In 2018, the party was along with the six other opposition parties (Democratic Progressive Party, National Solidarity Party, Reform Party, Singapore Democratic Party, Singaporeans First and Singapore's Voice Party, a party formed by NSP chief Lim Tean) led by former People's Action Party member and presidential candidate Tan Cheng Bock, on the possibility of forming a coalition for the next election.

The party participated in the 2020 election, but Goh was the only candidate fielded this election, this time contesting in the MacPherson SMC. On 27 June, Goh confirmed that this was his final election, reiterating his belief that he could contribute more to Parliament as an opposition member if elected, while praising the incumbent Tin Pei Ling for her involvement. Despite the efforts, it was all for naught, as Goh was defeated to Tin by a 71.74%-28.26% vote share.

Objectives and policies

PPP advocates the Separation of Five Powers (including Social, Culture, Politics, Economics) and a more balanced development of Singapore.

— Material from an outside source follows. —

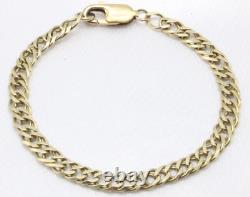 9ct Yellow Gold Double Curb 7 1\2 Inch Bracelet 8.4g 1561122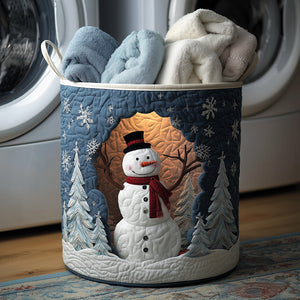 Winter Cheer Quilted Laundry Basket Everyday Merch Choice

The PPP has adopted and adapted with the Three Principles of the People and its system of having five branches of government espoused by Dr Sun Yat-Sen, founding father of the Republic of China (now administrating Taiwan and surrounding Island).  It has modified the concepts of the Five Powers to stay relevant to modern contemporary political and social structures. The emphasis is on the separation of the Five Powers which means the separation of certain institutions from Executive branch's control.

The Power of Impeachment (originally under Control Yuan) has been expanded to include various contemporary functional government institutions. Examples: Corrupt Practices Investigation Bureau, advocacy of Ombudsman Commission, Equal Opportunity Commission, Free Press and Freedom of Expression.

The Power of Examination has been adapted and modified to modern concept of Selection for both political leaders as well as civil servants. This involves institutions like Elections Department and Public Service Commission.

PPP advocates that the institutions that fall under these two powers, namely Power of Impeachment and Power of Selection, be placed under the supervision of Singapore's Elected President, a separate branch of government.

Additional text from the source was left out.